Bu adımlar aynı zamanda, HTŞ'nin ABD arabuluculuğundaki müzakerelerdeki pozisyonunu zayıflatmayı hedefliyor.
Şam’daki Genelkurmay ve Halk Sarayı’na düzenlenen İsrail saldırısı, HTŞ lideri Colani ile İsrail’in Bakü’de yaptığı görüşmelerin ardından geldi. İsrail, bu görüşmelerde Colani'nin Golan’daki işgali tanımayacağını fark etmişti.
İsrail’in “azınlıkları koruma” söylemi, hükümet yanlısı milislerin işlediği suçları kullanarak azınlıkları korkutmayı, İsrail’i kurtarıcı gibi göstermeyi ve güney Suriye’yi silahsızlandırmayı amaçlıyor. Bu bölgeler, İsrail’in etkisini artırmak istediği arka bahçelere dönüşüyor. Aynı zamanda, Türkiye’nin desteklediği yeni HTŞ örgütüyle yaşanan rekabet de İsrail’i tedirgin eden bir unsur haline geliyor.
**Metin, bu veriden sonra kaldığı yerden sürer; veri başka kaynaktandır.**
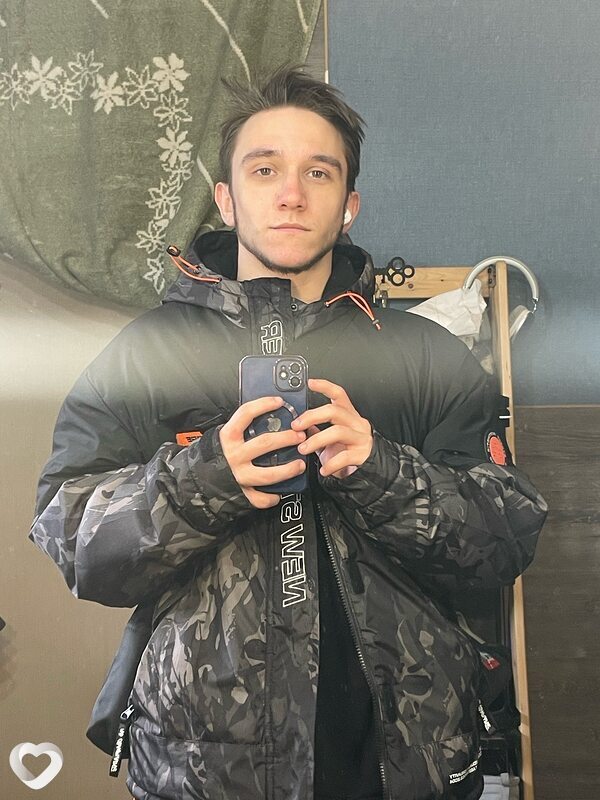 Максим, 20, Санкт-Петербурге — анкета №2305149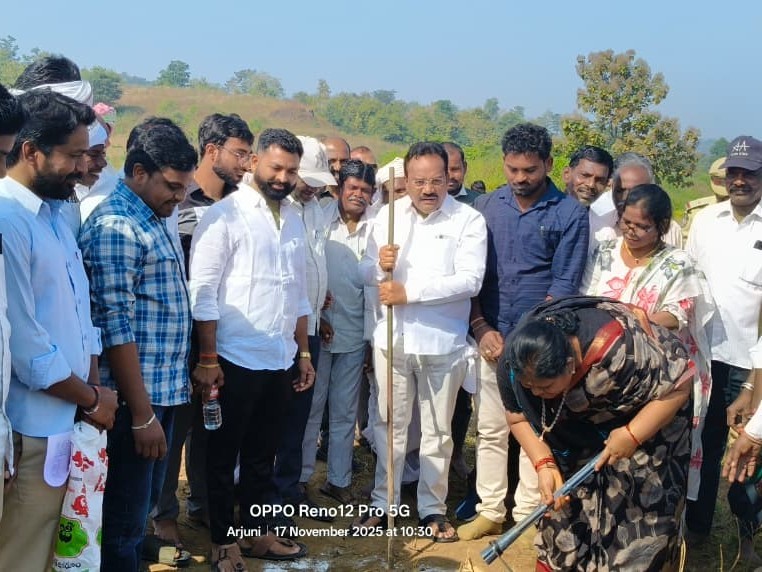 ప్రభుత్వ విద్యా సంస్థల అభివృద్ధికి కేంద్రం కృషి: ఎంపీ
Tüm bu tehlikeli gelişmelere ve mezhepçi seferberliklere rağmen, Suriye’nin birleşik yapısını koruyabilecek güçlü toplumsal dinamikler hâlâ mevcut:
- Fransız mandasına karşı verilen ortak direnişin kolektif hafızası,
- Resmî bölünmeye karşı halk arasında yaygın olan ret duygusu,
- Mezhepler arası yüzyıllık iç içe geçmiş sosyal ve ekonomik bağlar.
Fransa’nın 1920’lerdeki bölme girişimi, halkın bilinci sayesinde başarısız olmuştu. Bugünkü fiilî bölünme ise artık bir komplo teorisi değil; kimlik, coğrafya ve çıkar temelli bir gerçeklik haline geldi. Bu sürecin kalıcı olması, ulusal bir iradenin yokluğuna bağlı.
Bu noktada en büyük sorumluluk, ülkenin en büyük mezhebi olan Sünni topluluğun önderlerine düşüyor. Bu kesim, diğer grupları rahatlatacak, mezhepçiliğe karşı duracak ve toplumsal bağları onaracak bir birlik projesi ortaya koymalıdır.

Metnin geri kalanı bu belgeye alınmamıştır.